Slow Cooker Sweet and Spicy Asian Pork Shoulder
- Ready In:
- 8hrs 15mins
- 1⁄2 cup low sodium soy sauce
- 1⁄2 cup brown sugar
- 1 -2 tablespoon chili-garlic sauce (found in the Asian aisle of the supermarket)
- 1 tablespoon grated fresh ginger
- 1 teaspoon Chinese five spice powder (optional)

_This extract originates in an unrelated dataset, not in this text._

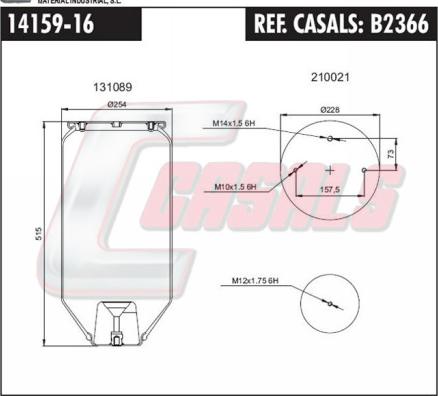 Casals B2366 - Burduf, suspensie pneumatica aaoparts.ro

- kosher salt and black pepper
- 2 1⁄2 lbs pork shoulder, trimmed of excess fat and cut into 2-inch pieces
- 1 cup long-grain white rice
- 1 medium head bok choy, thinly sliced (about 8 cups)
- 2 scallions, sliced
- In a 4- to 6-quart slow cooker, combine the soy sauce, sugar, chili-garlic sauce, ginger, five-spice powder (if using), 1/2 teaspoon salt, and 1/4 teaspoon pepper. Add the pork and toss to coat. Cook, covered, until the pork is tender, on high for 4 to 5 hours or on low for 7 to 8 hours.
- Twenty-five minutes before serving, cook the rice according to the package directions.
- Meanwhile, skim off and discard any fat from the pork. Gently fold the bok choy into the pork and cook, covered, until heated through, 2 to 4 minutes. Serve with the rice and sprinkle with the scallions.